Beginning with the line of the entries below that holds "In the current" and ending with the line that holds "Right-click your desktop", transcribe each line exactly as written. Pictures stay out.

****************

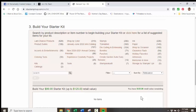Your first official quarter as a Stampin' Up! demonstrator is July, August, and September, and any personal purchases over and above the starter kit and any sales in May and June count towards that first quarter.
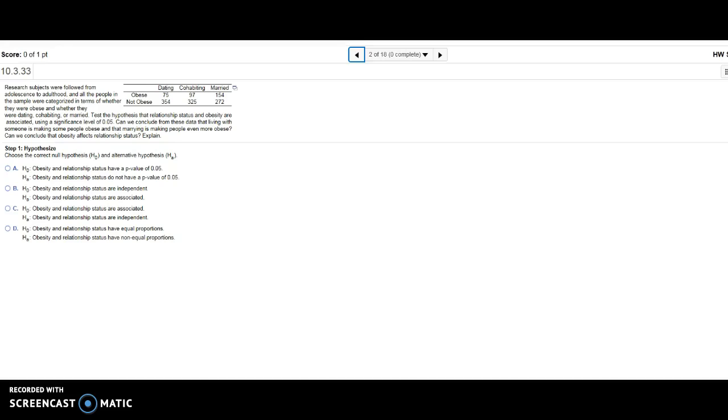I had a student ask about this test for independence on the 10.3-10.4 homework and thought I'd go over this one. Basically, they're seeing whether obesity and dating or marital status were associated or not.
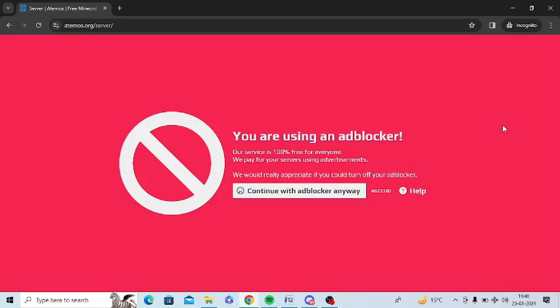I am getting this error message for my website eternos.org. You may be getting this error message saying you are using an ad blocker for any other website. I will show you how to remove this message in this video.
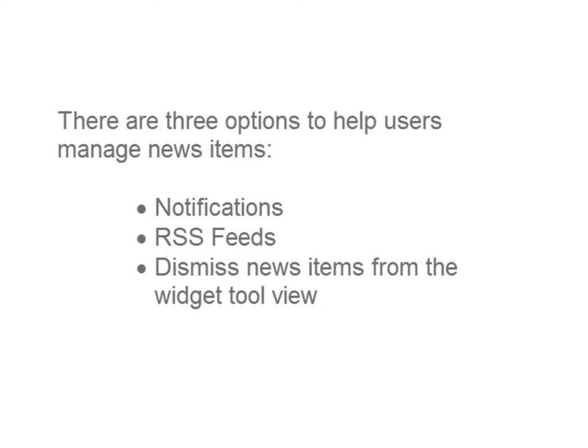There are three options to help users manage news items: notifications, RSS feeds, and dismissing news items from the widget tool view.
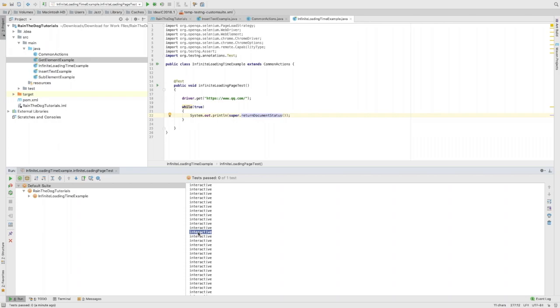If our test was to test the web page and to see if it's fully loaded, we might not use this method. But now, because we are testing some other stuff in the web page, we could say that interactive is good enough for us.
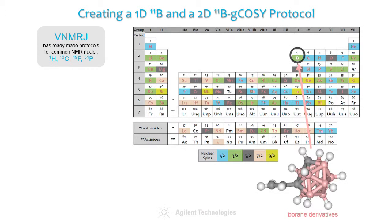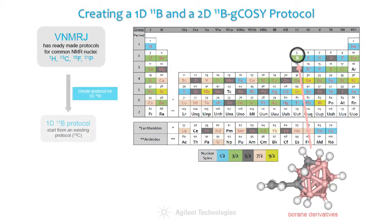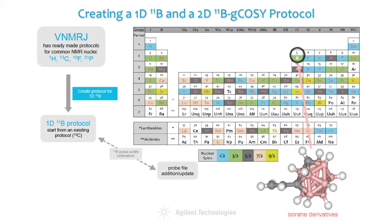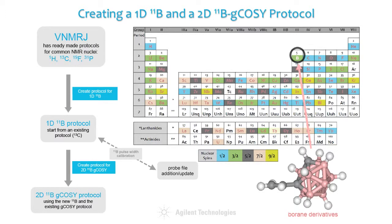In the current example, we consider a group of chemists dealing with molecules containing boron. They would like to record 1D boron survey spectra as well as a 2D boron COSY map to monitor boron-boron connectivities. We start with converting an existing carbon protocol to boron 11, do the necessary RF calibrations, and from there we create a 2D protocol allowing the chemists to set up boron-boron COSY experiments by clicking a single button in the experiment selector.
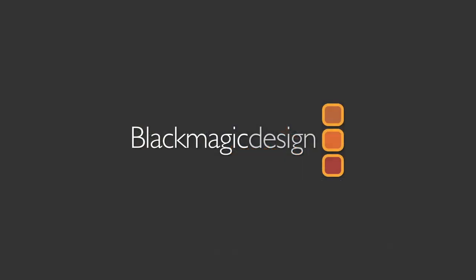The powerful new tools in Resolve 11.1 allow you to work faster than ever before.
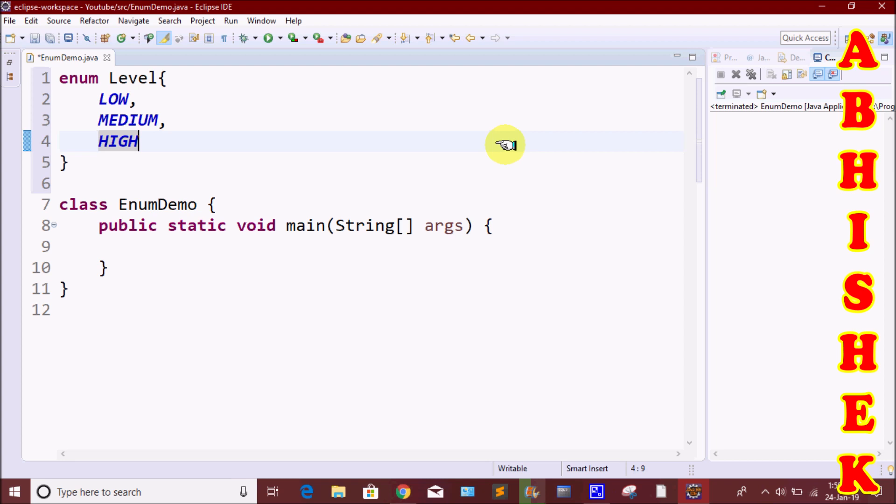We have already found the final keyword. So where do we use the final keyword? We use it where we create a variable whose value we do not want to modify.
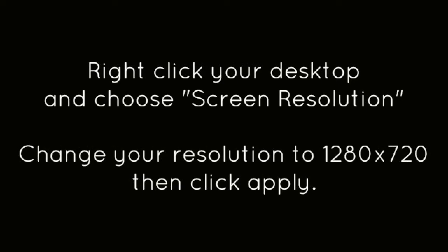Right-click your desktop and choose Screen Resolution. Change your resolution to 1280x720, then click Apply.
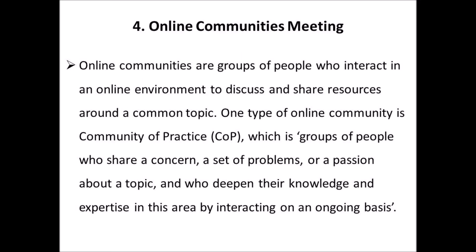4. Online Communities Meeting: Online Communities are groups of people who interact in an online environment to discuss and share resources around a common topic. One type of online community is Community of Practice (COP), which is groups of people who share a concern, a set of problems or a passion about a topic and who deepen their knowledge and expertise in this area by interacting on an ongoing basis.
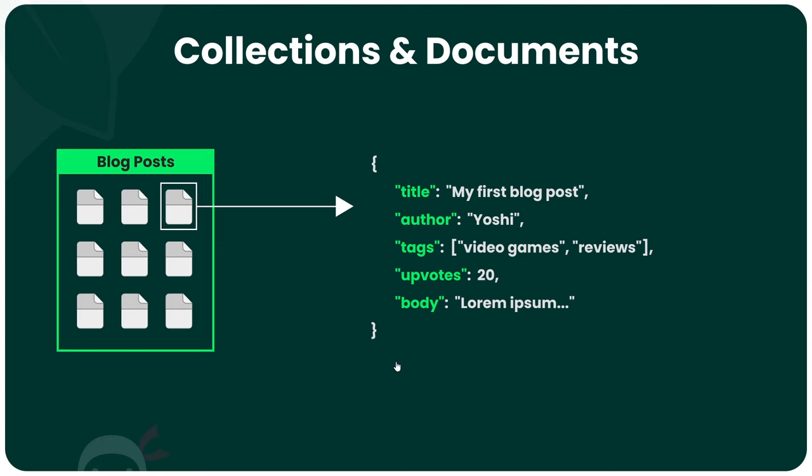But for all intents and purposes, a document looks very much like a JSON object, and when we fetch documents from a collection, JSON objects are ultimately what we get back.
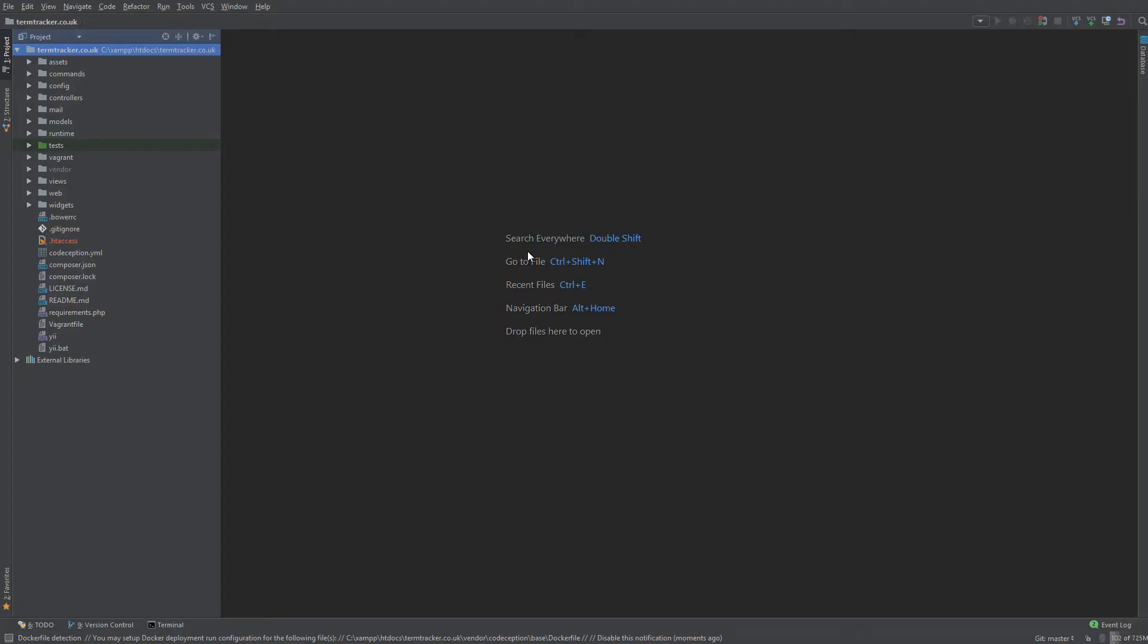When working with larger projects, it can be difficult to keep track of all the files you're currently working with. PHPStorm solves this problem by letting you define a scope.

****************

# ANSWER TO THIS EXERCISE:
In the current example, we consider a group of chemists dealing with molecules containing boron. They would like to record 1D boron survey spectra as well as a 2D boron COSY map to monitor boron-boron connectivities. We start with converting an existing carbon protocol to boron 11, do the necessary RF calibrations, and from there we create a 2D protocol allowing the chemists to set up boron-boron COSY experiments by clicking a single button in the experiment selector.
The powerful new tools in Resolve 11.1 allow you to work faster than ever before.
We have already found the final keyword. So where do we use the final keyword? We use it where we create a variable whose value we do not want to modify.
Right-click your desktop and choose Screen Resolution. Change your resolution to 1280x720, then click Apply.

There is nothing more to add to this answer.